Enable the IP packet inspection function on the interface or VLAN, and make the VLAN view configuration consistent with the interface view.

(3) Enable IP packet inspection alarm function:

[Huawei-GigabitEthernet0/0/1] ip source check user-bind alarm enable
1.

(4) Configure IP packet inspection alarm thresholds

[Huawei-GigabitEthernet0/0/1] ip source check user-bind alarm threshold threshold
1.

After the IP packet inspection alarm function is configured, when the discarded IP packets exceed the alarm threshold, an alarm will be generated to remind the user.

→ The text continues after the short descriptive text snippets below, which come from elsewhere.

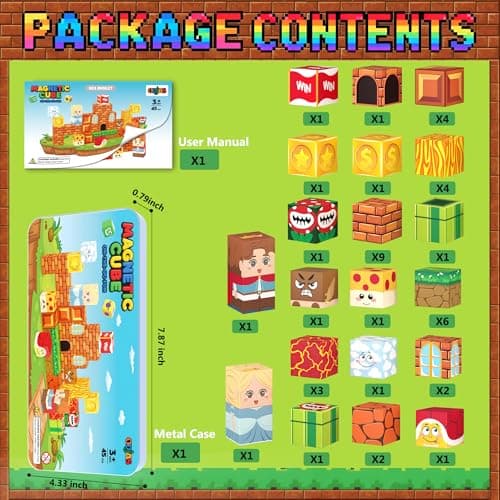 Mini Magnetic Building Blocks Travel Set with Case, 45pcs Travel Magnetic Toys with Portable Box for Kids, STEM Educational Sensory Toys, Classroom Must Have, Learning Gift for Toddlers, Boys & Girls — view 5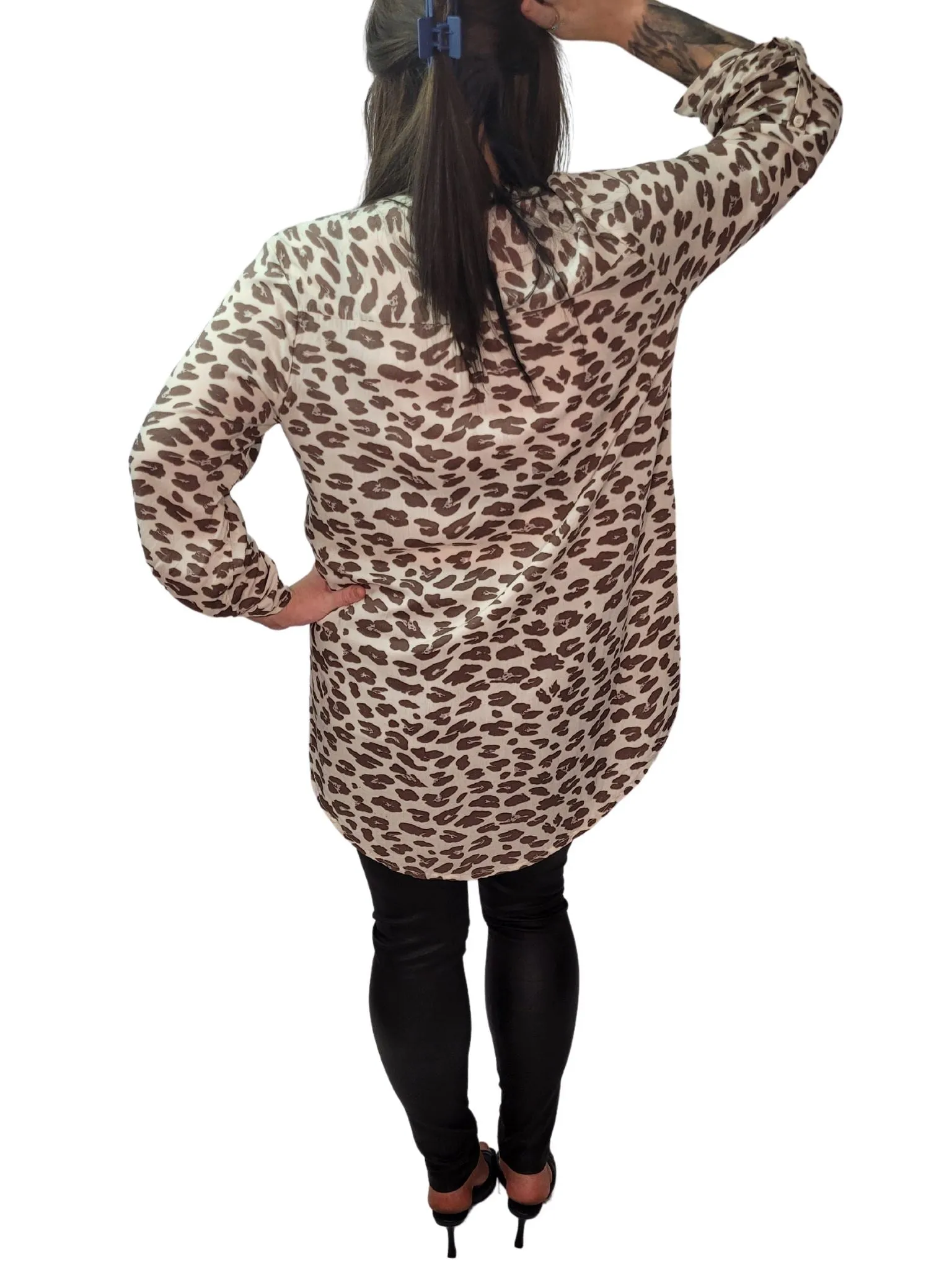💙 AHUKA Coffee Leopard Long Sleeve Top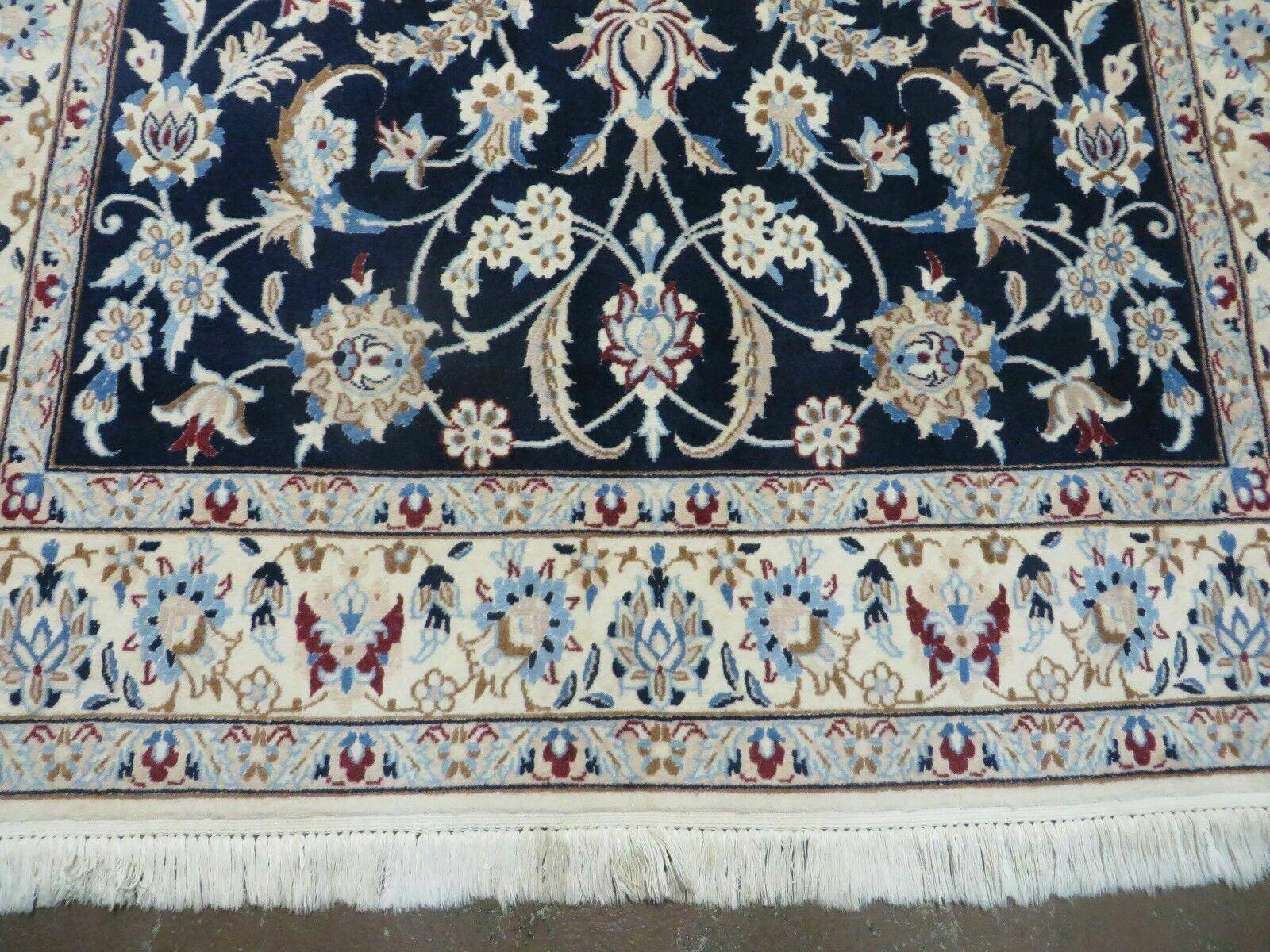 Persian Nain Rug 4x7, Navy Blue and Ivory, Handmade, Wool & Silk Highlights, Fine Oriental Rug, Vintage - Image 5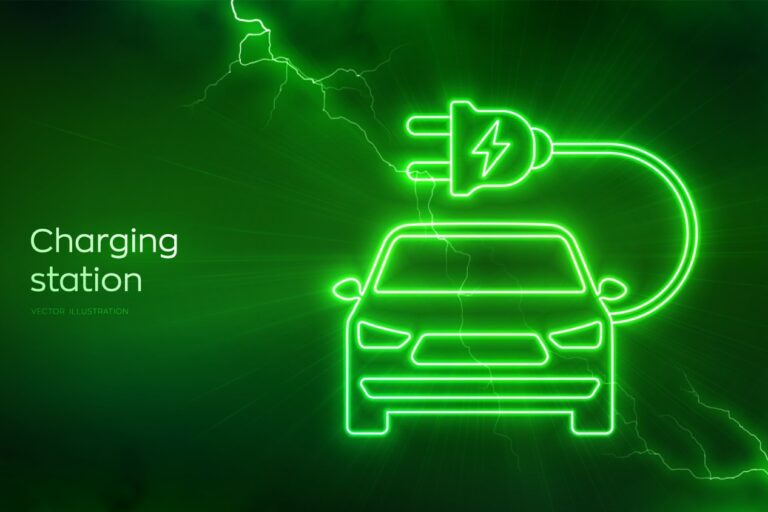 Electric vehicles charging point. Charging station icon with electrical energy glow. Electric Supply Station. Energy Efficiency. Alternative fuel. Electric discharge effects. Vector illustration.
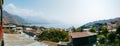 Village of San Juan la Laguan panorama on a hazy smoky day Royalty Free Stock Photo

IPSG configuration example

As shown in the figure: Network terminal equipment is manually configured with static IP addresses for unified management, and IPSG is configured on the access switch to prevent hosts from illegally gaining access to the network by changing their IP addresses privately.

• Configure static binding table
• Enable IPSG and alarm reporting functions

Switch1 is configured as follows:

#在接入交换机上配置静态绑定表
[Switch1] user-bind static ip-address 10.1.1.1 mac-address 5489-98C2-1486 
[Switch1] user-bind static ip-address 10.1.1.10 mac-address 5489-98AB-22A7
#使能GE0/0/1接口IPSG和IP报文检查告警功能
[Switch1] interface GigabitEthernet 0/0/1
[Switch1-GigabitEthernet0/0/1] ip source check user-bind enable
[Switch1-GigabitEthernet0/0/1] ip source check user-bind alarm enable
[Switch1-GigabitEthernet0/0/1] ip source check user-bind alarm threshold 100
#接口GE0/0/2配置与GE0/0/1类似，此处省略
1.
2.
3.
4.
5.
6.
7.
8.
9.

To verify the configuration, execute the display dhcp static user-bind all command on the Switch to view the static binding table information. PC1 and PC2 can access the network normally using the fixed IP addresses assigned by the administrator, but cannot access the network after changing the IP addresses.